目に見えないもの
vol. 22 2017-03-13 0
ワルリ画には、しばしば、おばけ=ブートが描かれます。
髪が長く、ちょっと変わったいでたちをしているのですぐにわかります。
画面中央にブート。ワルリアーティスト3人の村の学校で開催した「ウォールアートフェスティバル with ノコ 2016」でのラジェーシュ・ヴァンガードさんの作品より。
村を歩き回ると、普通に見える岩に、マークが付けられているのを見つけます。
それは、バガットと呼ばれるシャーマンが「ここに神様がいる」と印すものです。
それらは、人智を超えた、何か。
ワルリの人々の間には、「目には見えないけれど、そこに確かにあるもの」として認識されるものがあります。自然への畏れ、敬いが文化の中で表出しているのかもしれません。
「人間だけが、自分の作り出したもので自分を傷つける」と、あるワルリの村の長老が言いました。
人間、とかく、分かったつもりになり、「これはこういうものでしょう」「あれはああいうものでしょう」と決めつけがちになるけれど、そうならないように気をつけること。まず、動物としての自分の感覚を信じること。ワルリの人々と暮らす中で、そういうことを感じます。
猪苗代のワルリ画には、2体の怪物(妖怪)が描かれています。
足長手長と言います。
磐梯山と隣の明神山をまたにかけ、雲を集め、太陽を隠し村人を困らせていた足長。
猪苗代湖の水を集め、村に降らし、村人を困らせていた手長。
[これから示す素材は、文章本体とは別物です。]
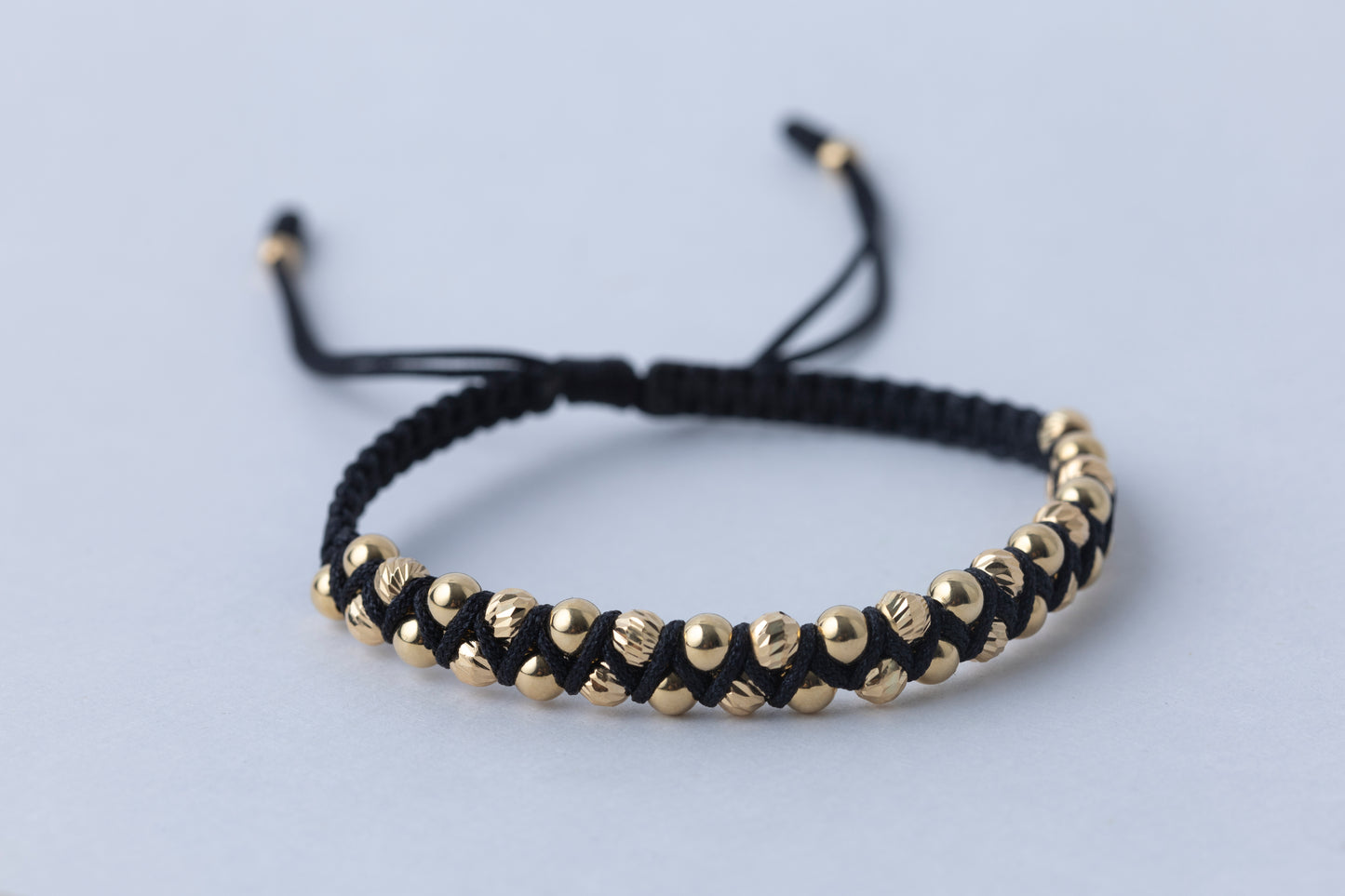 Pulsera Trenzada Negra Oro 18k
赤い円の中に体があり、そこから長い手が伸びています。
今は民話として語り継がれていますが、もともとはこの地域に暮らす人たちの目に見えないものに対する畏れや敬いの象徴だったのかもしれないなぁ、と想像しました。
絵本を手に取る子どもたちにも、ワルリ画を通じて、目に見えないものへ想像を膨らまし、感じ取るアンテナを携えてほしいな、と思います。人間が特別な存在なのではなくて、自然の一部として地球にいるということも。